La nouvelle a fait trois lignes dans les journaux. Parfois même pas.

Nous étions si parfaitement sidérés par le grotesque

« Kadhafi show » que, tel l’imbécile qui regarde le doigt quand le sage montre la lune, nous n’avons pas vu passer ce qui était peut-être l’information de la semaine ainsi que notre premier vrai cadeau à notre nouvel ami le Guide.

C’était lundi dernier, 10 décembre.

Ce fut juste une dépêche d’agence elle-même suivie, deux jours plus tard, par un point du « point de presse » électronique du porte-parole du ministère français des Affaires étrangères.

Question : « envisagez-vous d’expulser M. Abdul Wahid al-Nour s’il persiste à refuser de participer aux négociations de paix sur le Soudan » qui se tiennent actuellement en Libye ?

Réponse du « porte-parole » confirmant des propos déjà tenus, les précédentes semaines, mais à mi-voix, dans l’entourage du ministre : « nous ne manquerons pas, si M. Abdul Wahid al-Nour persiste dans son refus de participer aux négociations de paix, d’en tirer toutes les conséquences. »

En clair : Abdul Wahid al-Nour, fondateur du Mouvement de libération du Soudan (SLM) qui est le plus important, le plus populaire et, surtout, le plus respectable des mouvements rebelles du Darfour, serait sur le point d’être chassé de France où il vit en exil depuis quelques années – et ce au motif qu’il n’aurait pas la même idée que nous de la meilleure façon d’arrêter le massacre dans son propre pays…

Je connais Abdul Wahid al-Nour.

Je le connais, d’abord, parce que c’est grâce à lui, et en compagnie de ses combattants, que j’ai, en mars dernier, pu entrer dans les zones dévastées de la province occidentale du Soudan et y réaliser le reportage que j’ai alors donné au Monde.
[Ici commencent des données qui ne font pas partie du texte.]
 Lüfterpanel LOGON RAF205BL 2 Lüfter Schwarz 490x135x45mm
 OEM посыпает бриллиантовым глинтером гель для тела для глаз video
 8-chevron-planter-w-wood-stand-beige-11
Mais je le connais surtout parce que je l’ai revu, à mon retour, à Paris, plusieurs fois – à commencer par ce fameux soir du 20 mars où, avec un Bernard Kouchner qui n’était encore, comme Vaclav Havel, comme George Clooney, comme d’autres, que l’une des grandes voix plaidant la cause de cette province martyre, nous l’avions invité à s’exprimer, à la Mutualité, face aux principaux candidats à l’élection présidentielle ou à leurs représentants dûment mandatés.
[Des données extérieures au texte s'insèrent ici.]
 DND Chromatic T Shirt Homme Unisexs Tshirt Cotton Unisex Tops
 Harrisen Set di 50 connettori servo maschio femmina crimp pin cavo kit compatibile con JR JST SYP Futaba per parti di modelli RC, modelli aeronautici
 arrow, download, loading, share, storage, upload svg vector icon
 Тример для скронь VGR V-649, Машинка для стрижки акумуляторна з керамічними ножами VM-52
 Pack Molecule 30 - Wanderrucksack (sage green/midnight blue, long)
Alors, peu importe cette histoire de négociations de paix où il refuse, pour le moment, d’entrer.

Je veux dire : ce n’est pas ici que l’on décidera s’il a raison ou tort de refuser d’aller à Syrte, en Libye, pour y négocier la survie de son peuple.

Peut-être a-t-il tort et faut-il toujours, en toutes circonstances, tenter de parler avec le diable.

Peut-être a-t-il raison et devrions-nous entendre, au contraire, ses deux arguments principaux : primo, je ne négocie pas sur ce prétendu terrain neutre, en fait étroitement lié à Khartoum, qu’est la Libye de Kadhafi ; secundo, je veux bien négocier ce qu’il y a à négocier, c’est-à-dire le partage du pouvoir et des richesses dans un Soudan revenu à la paix, réunifié, mais je ne négocierai pas ce qui n’est pas négociable et qui est un dû pour tous les peuples du monde – à savoir l’arrêt des massacres et de la colonisation des terres par l’armée soudanaise et ses supplétifs janjawids.

Mais l’important, je le répète, n’est pas là.

L’important, c’est qu’il y a là, et Bernard Kouchner le sait comme moi, l’esprit de la résistance darfourie.

L’important, c’est qu’il y a là un homme qui, face aux tenants de la charia et du djihad qui règnent à Khartoum, plaide pour un islam modéré, éclairé, laïque.

Et le paradoxe, le scandale, seraient que ce soit cet homme-là, ce libéral, ce membre – et ils ne sont pas nombreux ! – de la belle Internationale de l’islam anti-islamiste qui soit tenu pour responsable de la crise, traité comme un pestiféré et chassé, avec pertes et fracas, de la patrie des droits de l’homme.

Nous parlons avec des Soudanais qui ont sur la conscience, non seulement au Darfour, mais dans le Sud chrétien et dans les monts Nouba, des millions et des millions de morts.

Nous réservons un accueil royal à Kadhafi qui reste, contrairement à ce que l’on a tenté de nous faire avaler, un authentique terroriste (prendre cinq infirmières en otage, les séquestrer, les torturer et finir, au bout de huit années, par les relâcher contre rançon, qu’est-ce d’autre que le principe même du terrorisme ?).

Nous avons, par le passé, accueilli quantité d’exilés dont nous ne nous demandions jamais si nous étions d’accord, ou pas, avec leurs positions parfois plus que douteuses (Khomeiny, Baby Doc, le Général Aoun, j’en passe et des meilleures…).

Et c’est aujourd’hui, à propos d’al-Nour, ce combattant de la liberté, que nous renoncerions à nos traditions d’asile ? Et c’est là, avec cette incarnation vivante de l’esprit de résistance, que nous bafouerions nos principes les plus sacrés ?

Je n’ose y croire.

Je ne peux imaginer que mon ami Kouchner puisse tremper dans pareille infamie.

La France y laisserait ce qui lui reste d’âme – et ce serait odieux.